===== RECORDS SUPPLIED =====

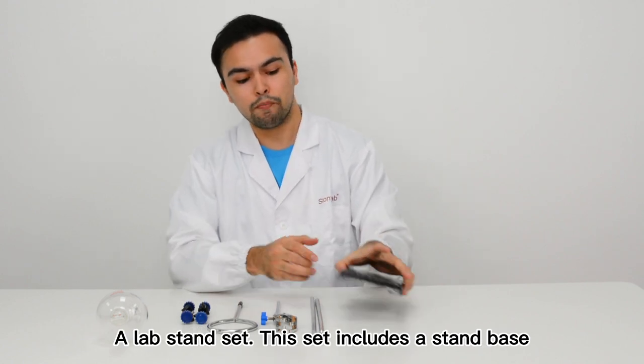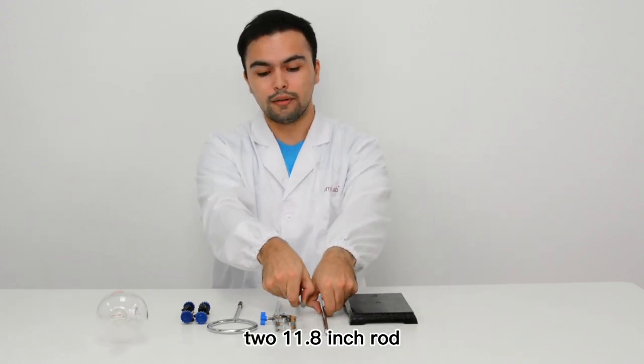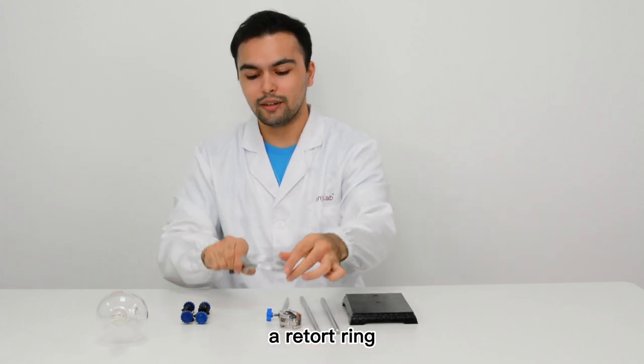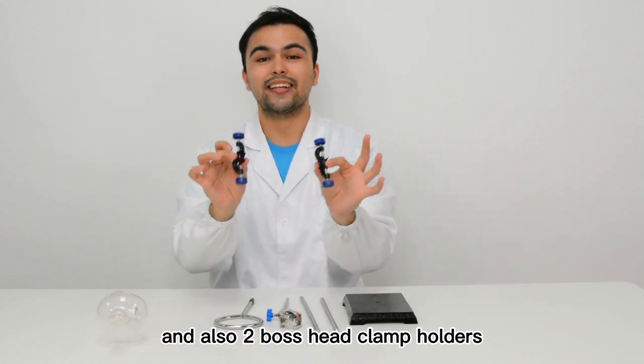Now this set includes a stem base, two 11.8 inch rods, a four prong bosshead clamp, a retort ring, and also two boss head clamp holders.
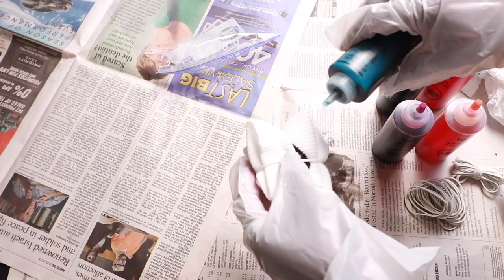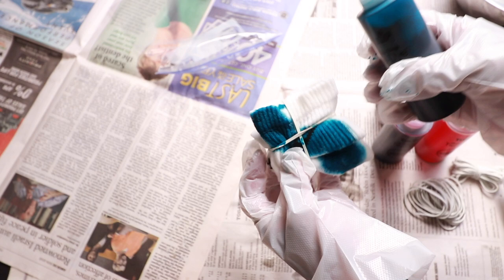Separating the colors, apply the dye to each side of the rubber band. Make sure you flip the sock over and apply the same method to the opposite side.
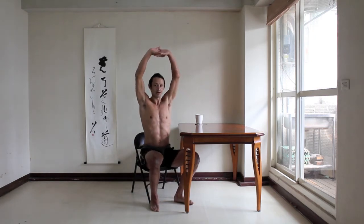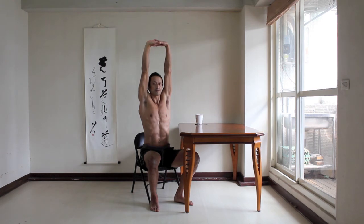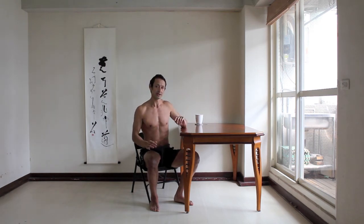When lifting your arms up, first make sure your neck is long. Lift the shoulders up first, then straighten the elbows, and then push your palms up to the ceiling so your entire body is reaching upwards, including your heels.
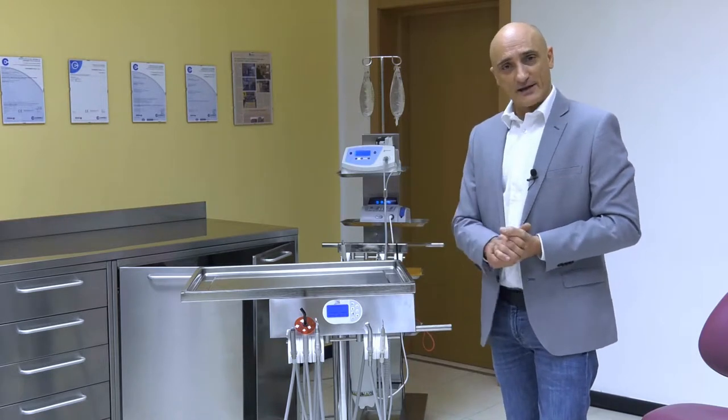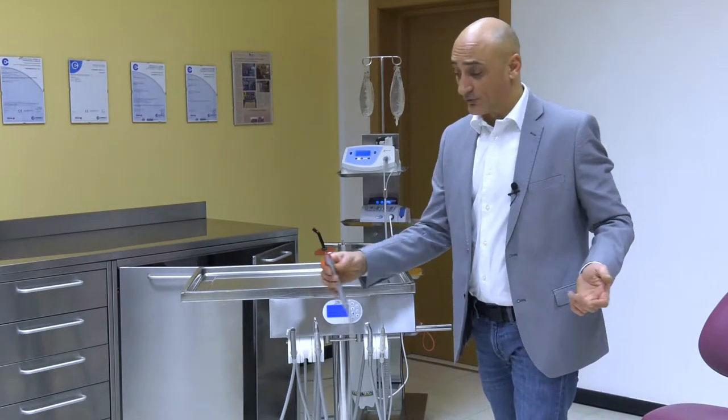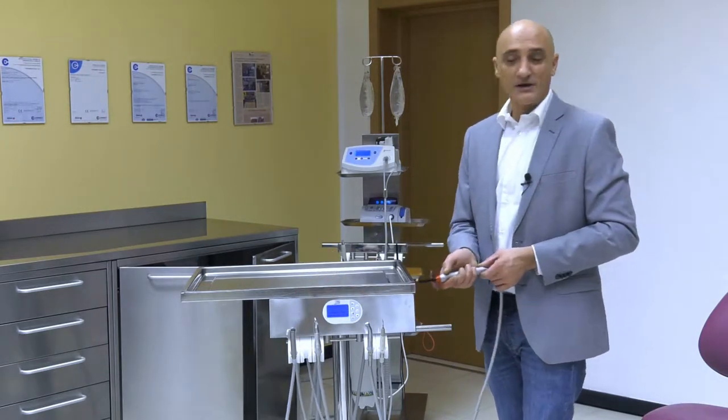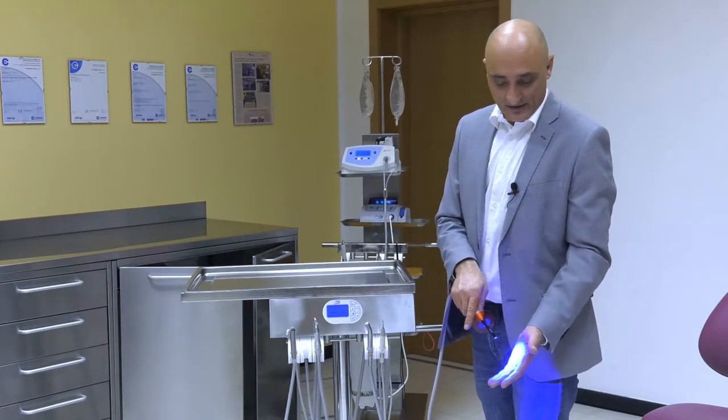How are our instruments engaged? Let us have a look. As regards the photopolymer lamp, just lift it and press the small button, then simply turn on the photopolymer lamp.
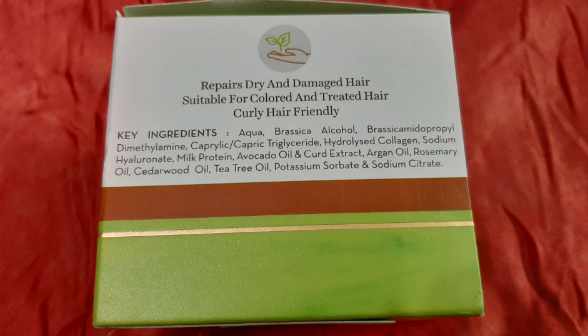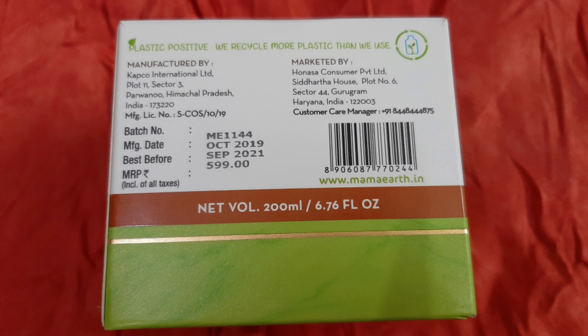I've already read the ingredients — I'll insert a picture so you can check them easily. The manufacturing date is October 2019 and you can use it up to September 2021. The price is 5.99 rupees, and if you are a new user you can get a discount.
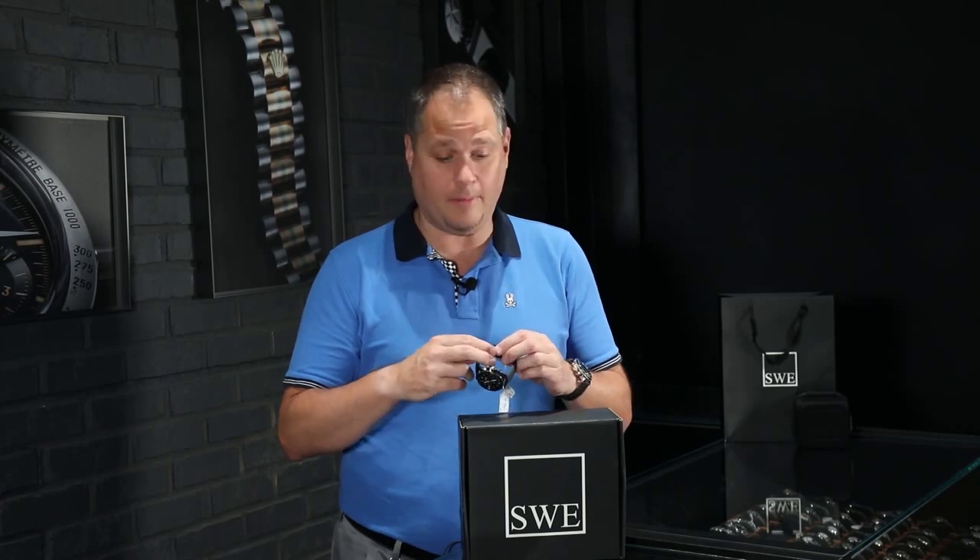Fresh from the showcase here at SwissWatchExpo, we have chosen one of my favorite pieces that we just got in. It's the Blancpain 50 Fathom Bathyscaphe in the ceramic model.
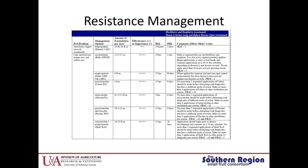Resistance management is very important. In your spray guide you can see on the right-hand side under the comments the FRAC or IRAC code is listed. Always recommend rotating between these numbers and not spraying more than twice before you rotate.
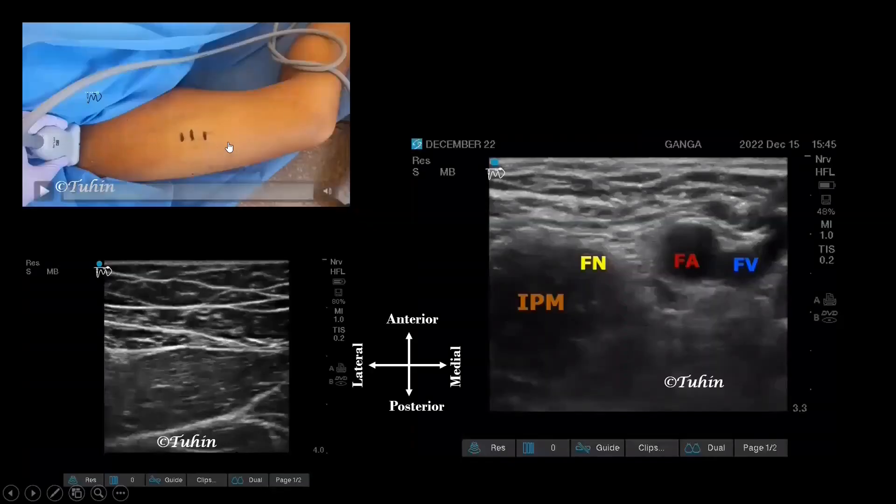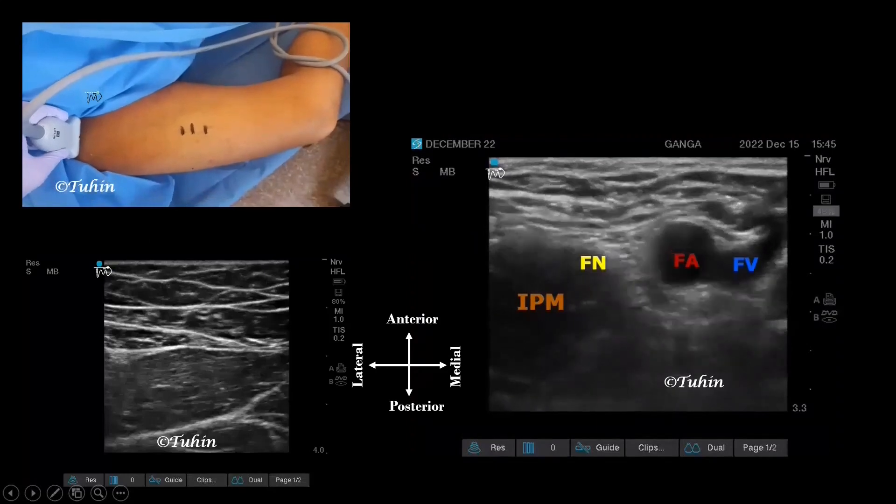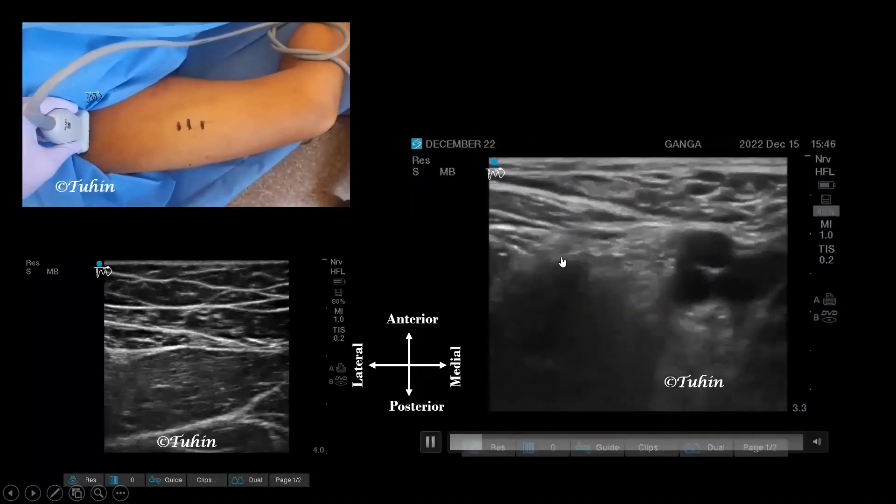As you can see, I have marked three points on the anteromedial aspect of the thigh. The first corresponds to the distal-most part of the femoral triangle, the second is the apex of the femoral triangle, and the third corresponds to the proximal adductor canal. You can directly place the transducer over the anteromedial aspect of the thigh and look for the sign of three, or you can start scanning from the inguinal region by identifying the femoral vessels and femoral nerve.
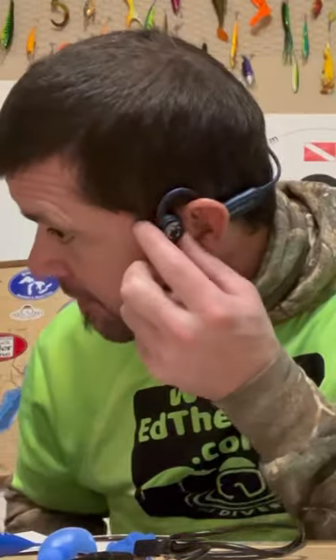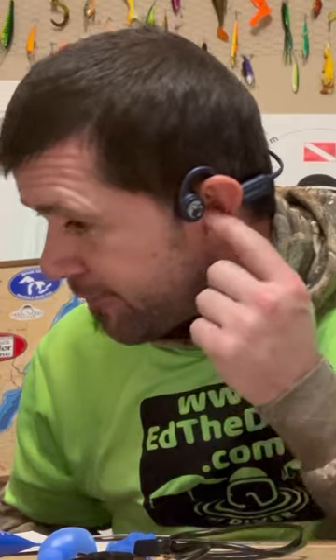Got to try these awesome swim buds out. They got a pretty cool design on them. They go right over your head like this. The little speaker thing goes right over the bone in front of your ear here.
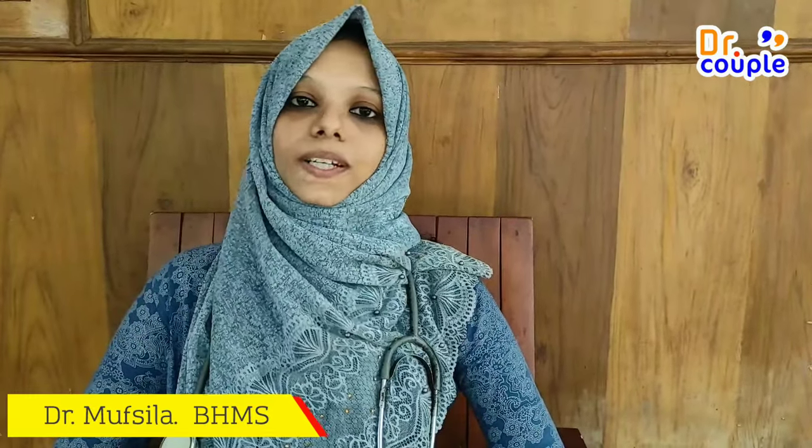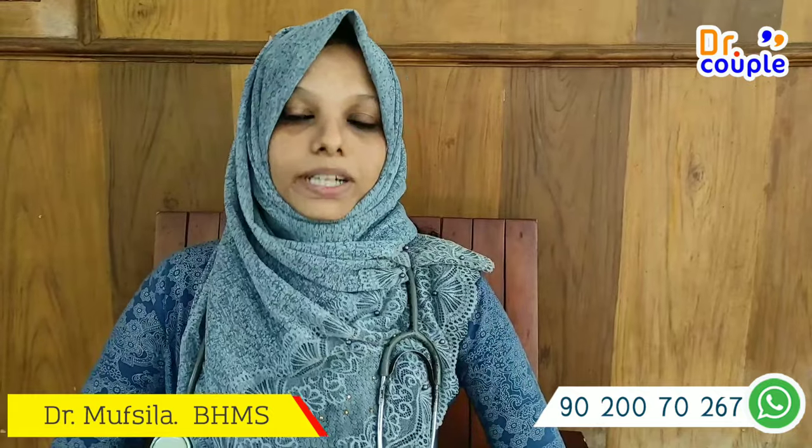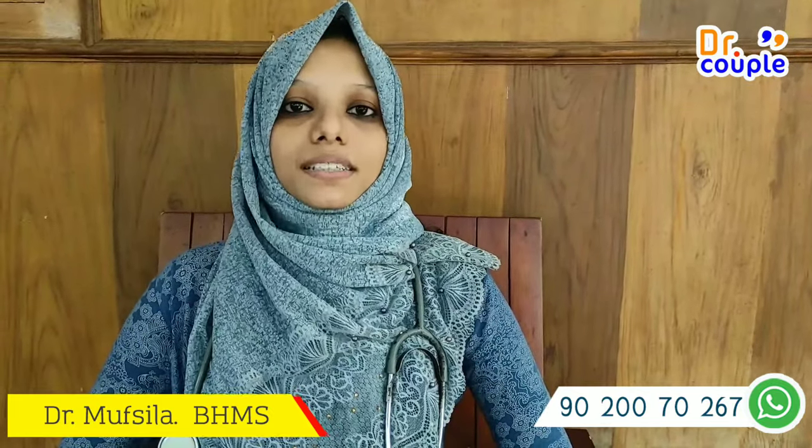Our lifestyle is the best for the PCOD. Exercise is the best for our lifestyle. This is the best for the PCOD.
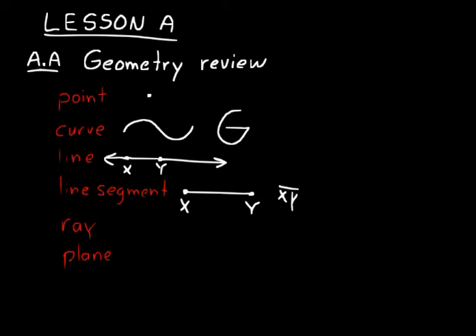Think about it: if you put a single point, you could draw an infinite number of lines through that point. But if you put two points, there's one and only one line that can go through those two points. So you need at least two points to identify a line. We could put another point Z on it and call that line XY, or line XZ, or line YZ — all we have to do is have two points that lie on that line to identify it.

=====

Beginning with the line above that has "Got to try these" and going on through the line that has "Our lifestyle is", retype every line exactly and add nothing else; drop the pictures.

### RESULT OF THE TASK
Got to try these awesome swim buds out. They got a pretty cool design on them. They go right over your head like this. The little speaker thing goes right over the bone in front of your ear here.
Our lifestyle is the best for the PCOD. Exercise is the best for our lifestyle. This is the best for the PCOD.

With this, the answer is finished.